Professor Ross Baker spoke on the topic of ‘WA Research Response to COVID-19’ at the Science on the Swan health and medical research conference on Monday. Held by The Western Australian Health Translation Network’s (WAHTN), the conference had a strong focus on the state’s health response to COVID-19. Prof. Baker shared PBI’s findings in relation to COVID-19 and thrombotic events, completed by himself and fellow PBI researchers, Jim Tiao and Grace Gilmore.

Below is a summary of Professor Baker’s discussion at the conference.

COVID-19 infection is associated with a significant risk of thrombotic events ranging from arterial embolism (blockage in an artery), acute pulmonary embolism (blockage in the lung arteries), deep vein thrombosis, microvascular (small vessel) thrombosis and stroke. It is a very common problem occurring in 1 in 4 patients with severe COVID-19 infection and it is resistant to standard treatments. Patients with COVID-19 and thrombosis have a five-fold increase in mortality and the unusual microvascular thrombosis may contribute to the reported long-term weakening and persistent symptoms in COVID-19 survivors.

The development of COVID-19 related thrombosis is complex and includes many factors.
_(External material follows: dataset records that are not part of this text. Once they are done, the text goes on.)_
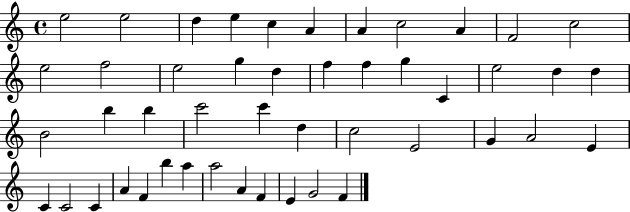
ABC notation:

X:1
T:Untitled
M:4/4
L:1/4
K:C
e2 e2 d e c A A c2 A F2 c2 e2 f2 e2 g d f f g C e2 d d B2 b b c'2 c' d c2 E2 G A2 E C C2 C A F b a a2 A F E G2 F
It involves the interaction between the body’s normal blood clotting process and how it responds to the way its immune system reacts to the COVID-19 infection. In collaboration with an Irish COVID-19 Study looking at diseases affecting blood vessels, we have explored the imbalance between two specific components essential in the blood clotting process (von Willebrand factor (VWF) and ADAMTS-13) in COVID-19 infection. Raised levels of VWF is a risk factor for thrombosis in the veins. ADAMTS-13 circulates around the body and cuts or chops the ultra large overactive VWF and helps regulate the platelets involved in thrombus growth and blood vessel obstruction.

Our research has found a five-fold increase in VWF and a severe deficiency of ADAMTS-13 in patients with COVID-19 infection, indicating a serious imbalance of this important relationship and the formation of thrombus. The signals or messages which promote an inflammatory response and prevent the function of ADAMTS-13 were also significantly elevated. We are currently examining whether the immune system develops proteins which mistakenly attack ADAMTS-13 in patients infected with COVID-19. This could lead to different therapeutic interventions, including using specific platelet-VWF inhibitors or genetically engineered ADAMTS-13, that are currently in clinical testing for treatment of rarer thrombotic disorders.